My Three Part New Year’s Resolution
When I contacted Robin Danner and was offered this guest spot, it was like a first date with a really hot guy, equal parts thrilled and nervous. Oooh, I thought. On one hand, you’re doing the very last post before the New Year. On the other hand . . . it’s the very last post before the New Year.
I thought a lot about what I wanted to talk about. My accomplishments as a writer? The books I have coming out next? Issues with plot, heroes, heroines? Social media and marketing?
And then, I did what I always do. I decided to say screw whatever I was supposed to write about, and just write about what was real. So, as I always say, it’s about to get real in here.

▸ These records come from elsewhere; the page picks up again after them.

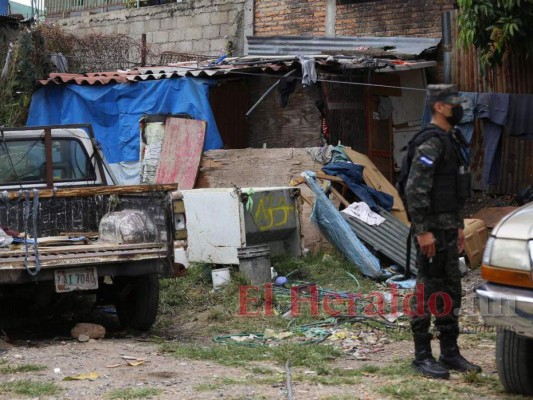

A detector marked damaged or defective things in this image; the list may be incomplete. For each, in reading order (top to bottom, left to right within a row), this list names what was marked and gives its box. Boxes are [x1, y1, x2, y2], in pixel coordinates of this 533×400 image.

rusty vehicle [0, 126, 181, 332]
rusty vehicle [476, 202, 532, 396] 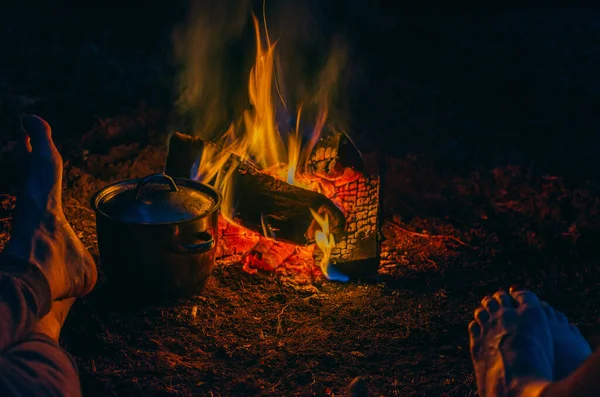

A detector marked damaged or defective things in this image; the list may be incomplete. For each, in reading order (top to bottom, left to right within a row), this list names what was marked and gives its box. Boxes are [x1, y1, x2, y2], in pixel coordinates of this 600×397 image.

burnt wood piece [164, 131, 346, 246]
burnt wood piece [308, 131, 364, 178] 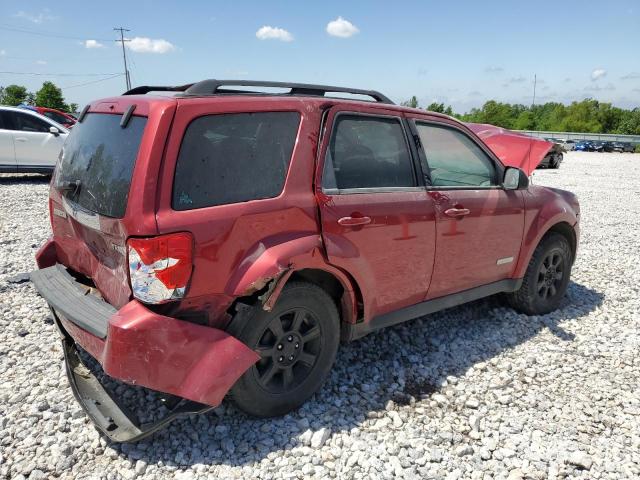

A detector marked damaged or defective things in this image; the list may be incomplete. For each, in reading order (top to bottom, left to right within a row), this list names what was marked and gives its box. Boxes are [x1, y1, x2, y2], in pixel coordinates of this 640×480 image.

exposed bumper bracket [60, 334, 211, 442]
dented rear bumper [30, 258, 260, 442]
damaged red suv [31, 79, 580, 442] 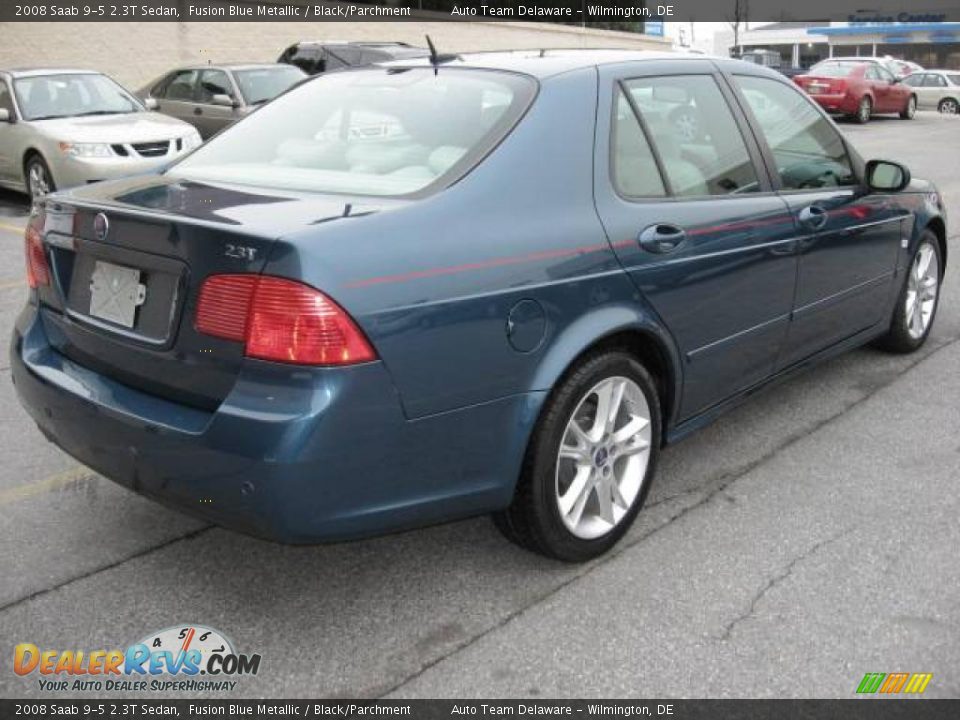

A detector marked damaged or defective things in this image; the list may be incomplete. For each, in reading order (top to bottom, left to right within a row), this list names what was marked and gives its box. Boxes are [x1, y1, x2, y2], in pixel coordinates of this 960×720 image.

crack in asphalt [712, 528, 856, 640] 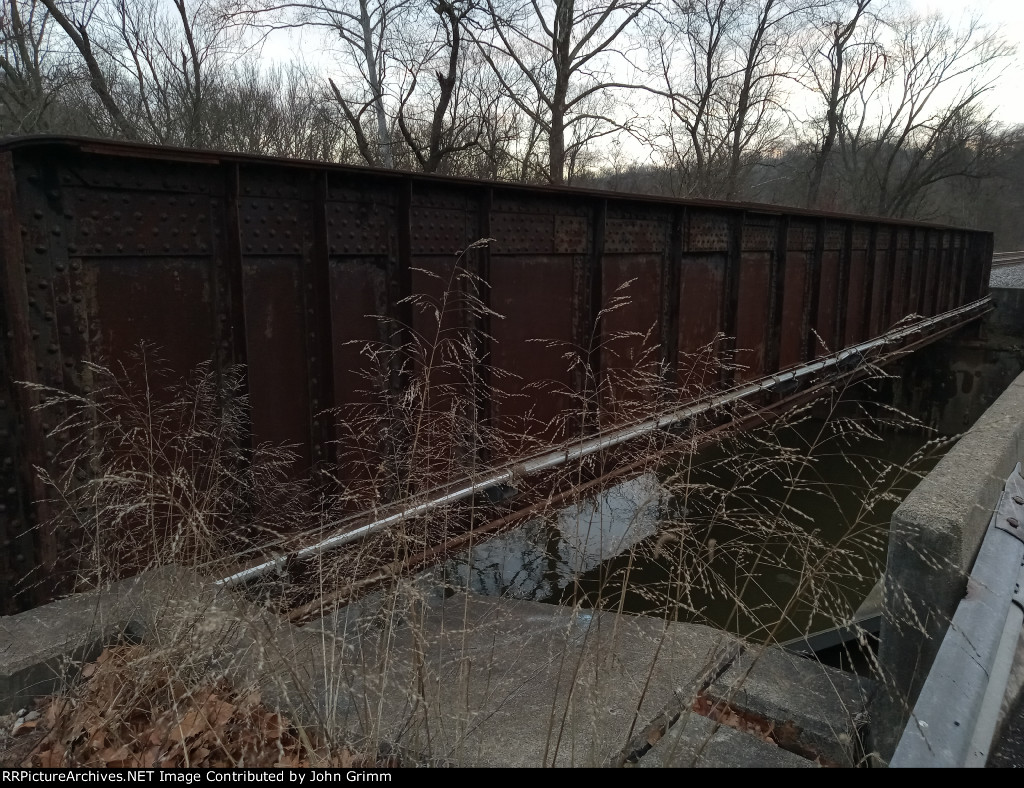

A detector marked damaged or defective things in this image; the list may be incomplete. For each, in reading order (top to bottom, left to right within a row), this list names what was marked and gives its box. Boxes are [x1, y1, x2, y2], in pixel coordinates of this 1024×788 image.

rusty steel bridge [0, 139, 996, 612]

I broke up with a guy not too long ago. It was one of those relationships that lasts a really long time, seems to be going somewhere, but isn’t—you know the type—emotionally unavailable guy that wants to have a relationship but can’t because he’s a manchild meets girl with bad boundaries. It’s a powder-keg that never ends well and causes both a parties a lot of hurt. One moment, he’s talking marriage; the next, he doesn’t know if he wants anything to do with you because you don’t “meet up to his expectations.” You start turning into a nag and a harpy, all while feeling like you’ve been walking on eggshells.
It was the kind of relationship where, once it’s over, you wonder why you didn’t break up a long time ago. The kind of relationship where the sting of solitude is more than made up for by the way your hair doesn’t fall out, your skin has stopped breaking out, and you can breathe again.
Hot on the heels of my breakup, I read a lot. I read advice books, psychology books, and yes, romance books. I will go on the record to state that it feels weird to be reading romance books when I was going through a breakup, but hey, it’s my job.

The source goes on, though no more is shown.